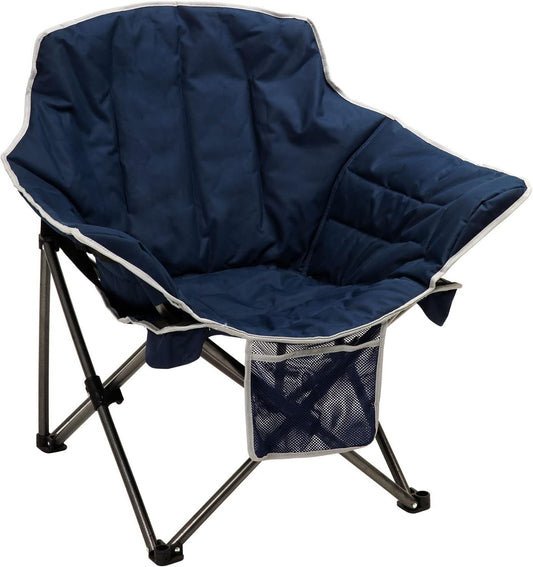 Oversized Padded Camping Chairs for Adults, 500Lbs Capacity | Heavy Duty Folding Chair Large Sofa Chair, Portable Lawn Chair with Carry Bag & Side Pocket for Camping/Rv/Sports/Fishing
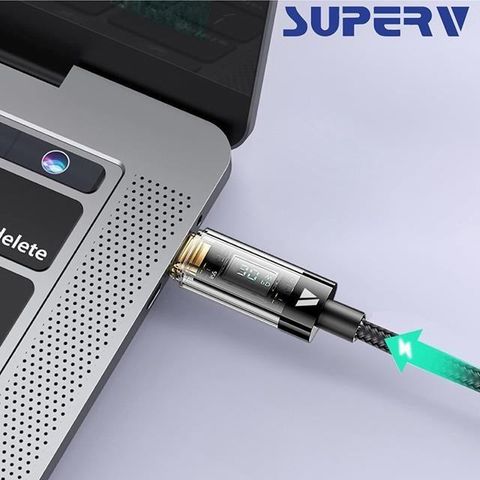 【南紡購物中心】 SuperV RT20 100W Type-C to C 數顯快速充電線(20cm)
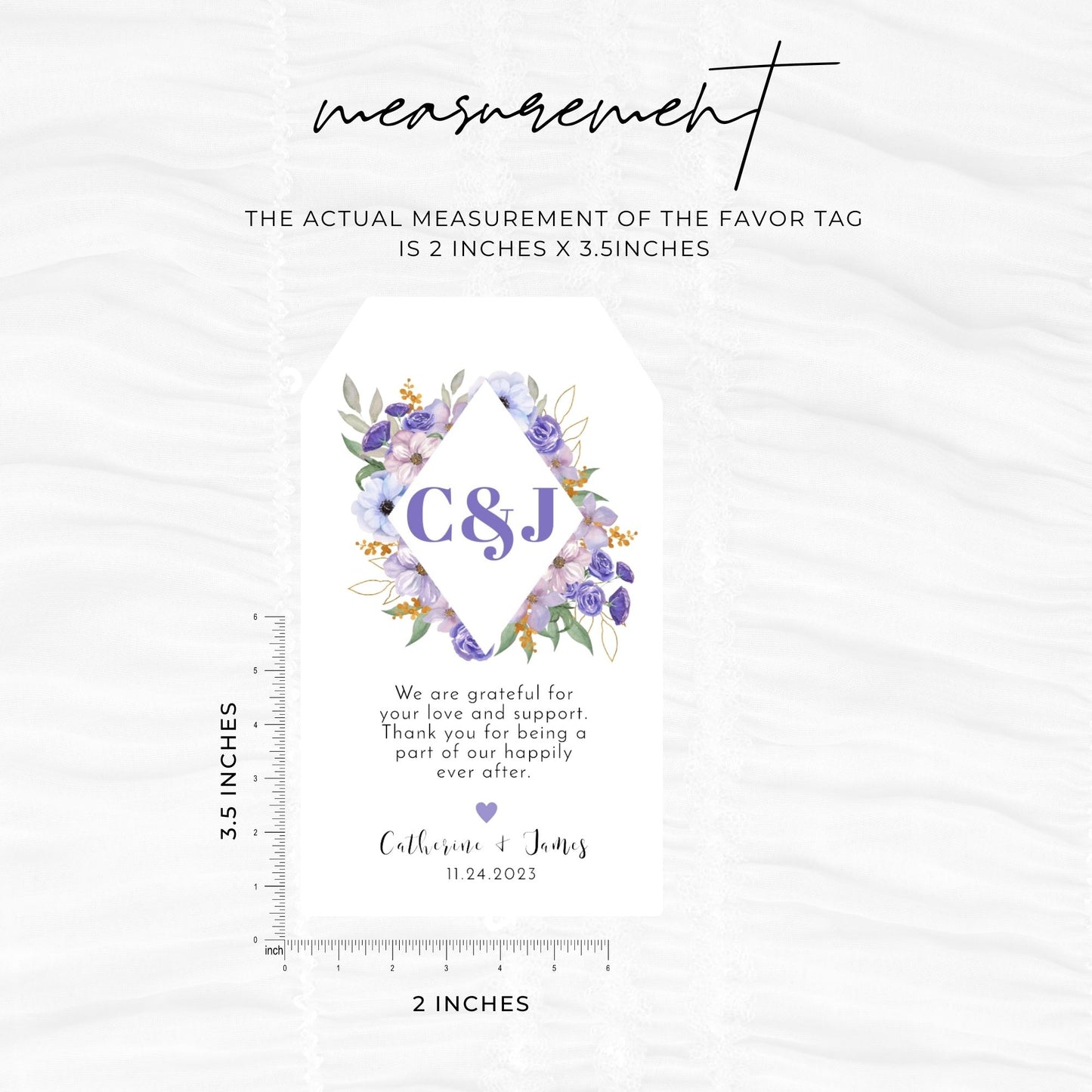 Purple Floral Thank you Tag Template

* TASK DESCRIPTION
Transcribe the material exactly, and leave out whatever pictures it holds.

* FINISHED TASK
 Oversized Padded Camping Chairs for Adults, 500Lbs Capacity | Heavy Duty Folding Chair Large Sofa Chair, Portable Lawn Chair with Carry Bag & Side Pocket for Camping/Rv/Sports/Fishing
 【南紡購物中心】 SuperV RT20 100W Type-C to C 數顯快速充電線(20cm)
 Purple Floral Thank you Tag Template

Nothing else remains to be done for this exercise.